Free Handyman Invoice Template — No Signup

Most handyman jobs are a mix of small repairs, odd installs, and a constantly shifting list of materials from the hardware store. That makes billing messy — you finish a leaky faucet, hang drywall, and replace a door handle in the same afternoon, then try to remember what you charged for each. Billify lets you build a clean invoice on your phone between jobs, with separate lines for labor, parts, and the trip out to the site. Nothing is stored online and there is no account to manage, so you can send it and move straight to the next call.

By KSP Labs, Software Studio behind Billify · Updated June 2026

Live editor — Handyman invoice. No signup. Data stays in your browser.

What to include on a handyman invoice

  • Trip charge / service call fee
  • Labor hours with start and end times
  • Materials and hardware markup
  • Disposal or dump fees
  • Mileage to remote sites
  • Emergency or after-hours premium
  • Permit pull fee

Billing tips for handymen

Handyman billing gets disputes fastest when labor and materials are blended into one number. Always split them — clients tolerate a healthy materials markup when they can see the parts cost separately, but a single inflated line looks like padding. Note your trip charge explicitly; a flat service-call fee for the first hour is standard in most US markets and clients expect to see it rather than have it buried in the hourly rate. Track time to the quarter hour and write start and end times on the invoice. If a job ran long because the previous contractor's wiring was wrong, that is billable time — say so on the line item instead of absorbing it. Keep a running materials list on your phone during the job so you don't forget the box of wire nuts and the tube of caulk at the end of a ten-item day. In states that require it, put your contractor registration or license number on every invoice — California, Oregon, and many others treat unregistered handyman work as a misdemeanor, and a missing number on the invoice is the easiest thing a disputes board can check. If a job crosses a deposit threshold, take a deposit of 30 to 50 percent for materials and never buy specialty fixtures on your own card without that money in hand. Specify payment terms as net seven, not net thirty, for small jobs, and add a late fee clause — 1.5 percent monthly is common and enforceable in most states — so you can actually collect on the slow payers.

Handyman invoice FAQ

How much should I charge for a service call fee?

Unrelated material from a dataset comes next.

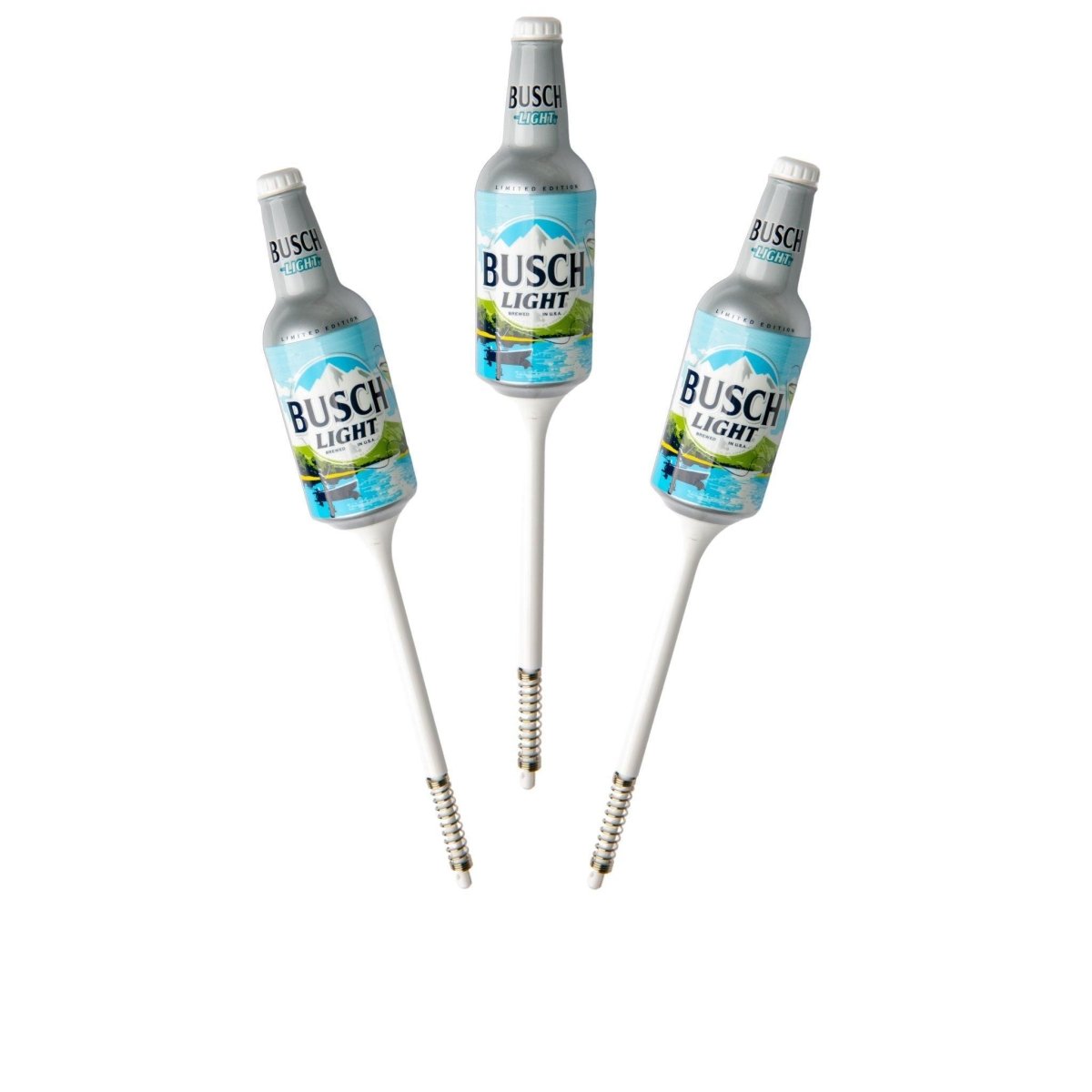 3-Pack Busch Light Bottle Bobbers — Officially Licensed Anheuser-Busch InBev product included in the Ultimate Dad's Fishing Kit bundle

A flat trip or service call fee of $50 to $125 is standard for the first hour in most US markets, on top of your hourly rate. Put it on its own line so the client sees it isn't hidden in the labor. For jobs under an hour, the call fee often is the minimum charge.

Should I take a deposit before buying materials?

Yes. Take 30 to 50 percent up front for any job that requires you to buy fixtures, paint, or parts over about $100. Buying materials on your own card without deposit money is the fastest way to go broke on a no-show client.

What payment terms should I put on the invoice?

Use net seven for small handyman jobs, not net thirty. Small jobs are easy to forget, and a week is long enough. State a 1.5 percent monthly late fee on the invoice so you can actually collect when a client drags it out.

Do I need my contractor license number on the invoice?

In states that license handymen — California, Oregon, Arizona, Florida, and others — yes, put the number on every invoice. A disputes board will check for it, and its absence can turn an unpaid invoice into a regulatory problem.